[Image-caption web data]

= = = = =

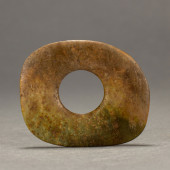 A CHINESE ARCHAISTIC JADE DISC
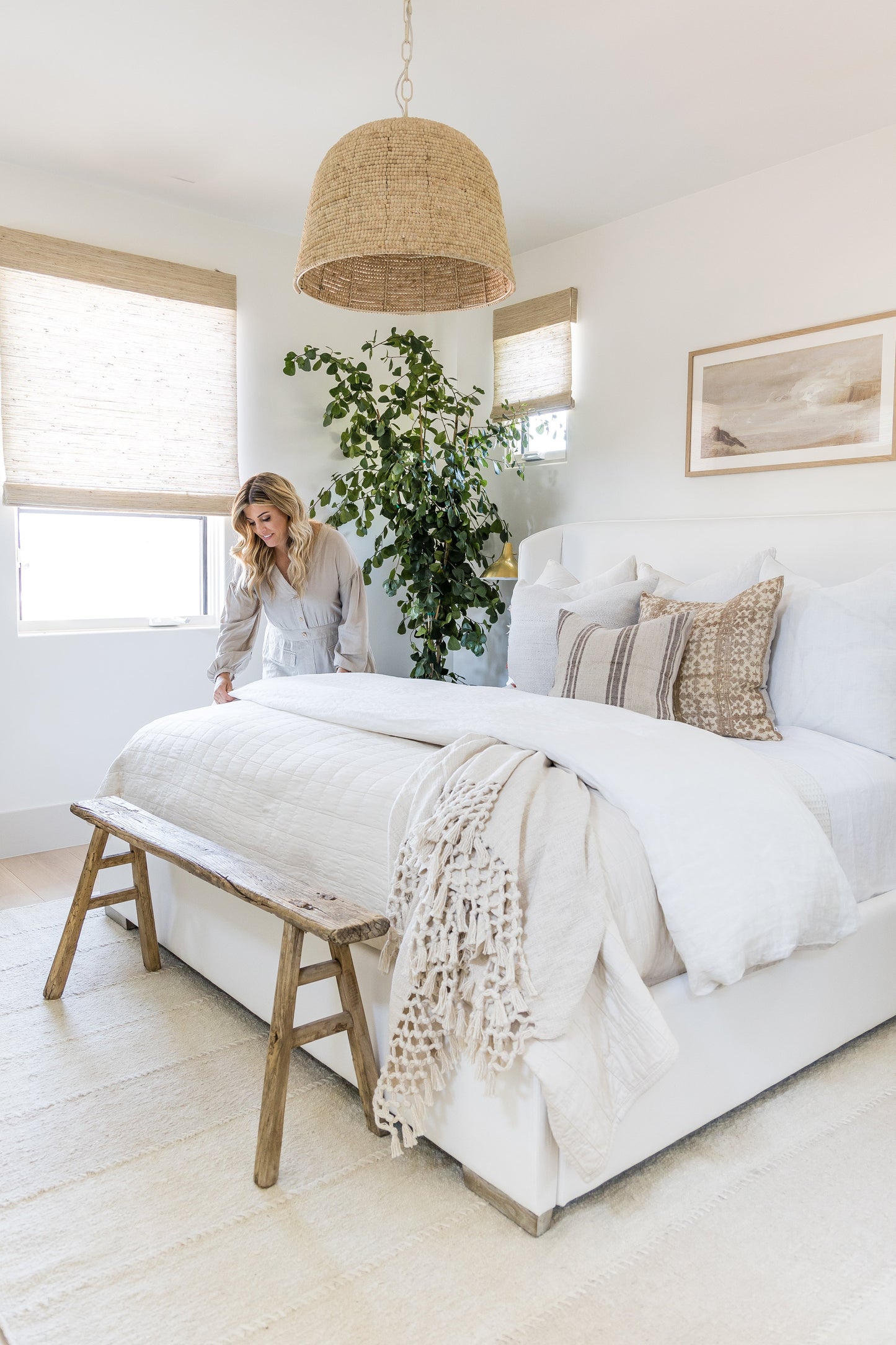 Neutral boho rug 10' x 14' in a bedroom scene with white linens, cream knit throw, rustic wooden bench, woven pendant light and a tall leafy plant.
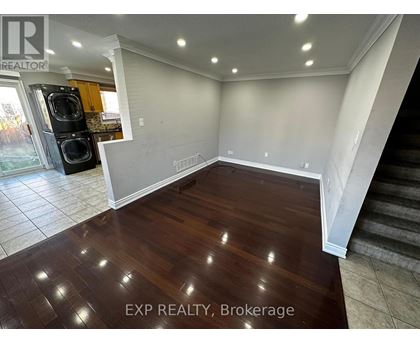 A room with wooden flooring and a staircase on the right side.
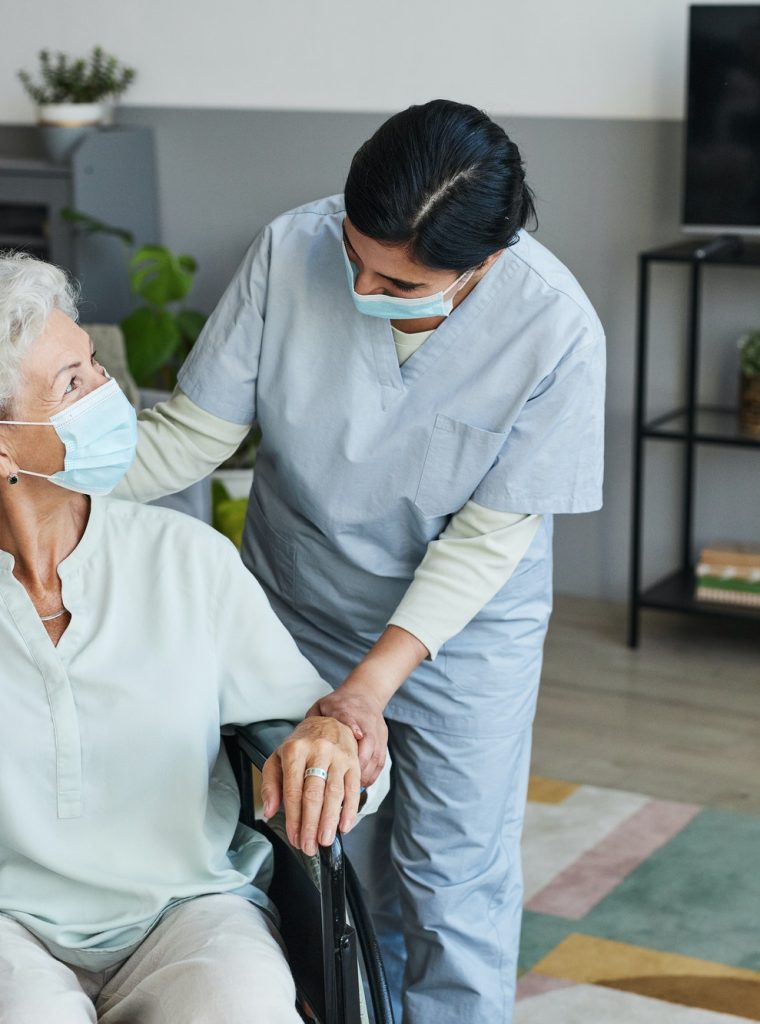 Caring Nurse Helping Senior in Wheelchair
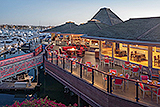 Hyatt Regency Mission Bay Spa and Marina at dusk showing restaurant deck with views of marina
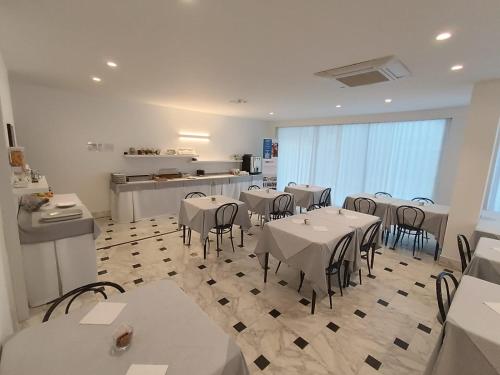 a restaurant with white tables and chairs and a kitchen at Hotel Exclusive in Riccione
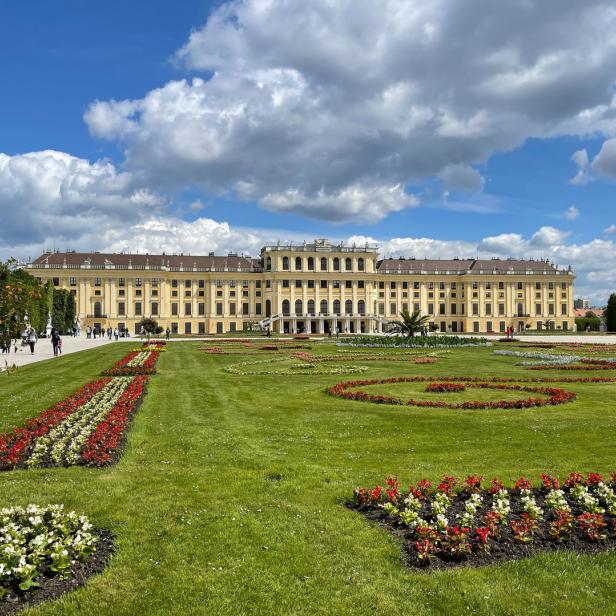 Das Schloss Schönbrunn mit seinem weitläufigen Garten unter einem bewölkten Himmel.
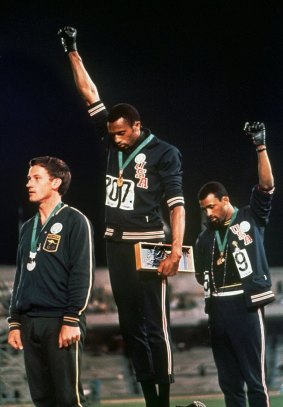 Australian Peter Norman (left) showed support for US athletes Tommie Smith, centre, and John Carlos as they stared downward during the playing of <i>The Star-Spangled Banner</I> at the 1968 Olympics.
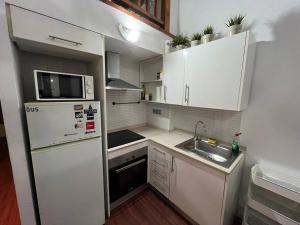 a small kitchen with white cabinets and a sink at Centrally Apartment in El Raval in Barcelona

= = = = =

◆ WORK TO BE COMPLETED ◆
Only the lines from the one containing "a restaurant with" through the final line of the records should be transcribed, exactly and with no pictures.

◆ COMPLETED TASK ◆
 a restaurant with white tables and chairs and a kitchen at Hotel Exclusive in Riccione
 Das Schloss Schönbrunn mit seinem weitläufigen Garten unter einem bewölkten Himmel.
 Australian Peter Norman (left) showed support for US athletes Tommie Smith, centre, and John Carlos as they stared downward during the playing of <i>The Star-Spangled Banner</I> at the 1968 Olympics.
 a small kitchen with white cabinets and a sink at Centrally Apartment in El Raval in Barcelona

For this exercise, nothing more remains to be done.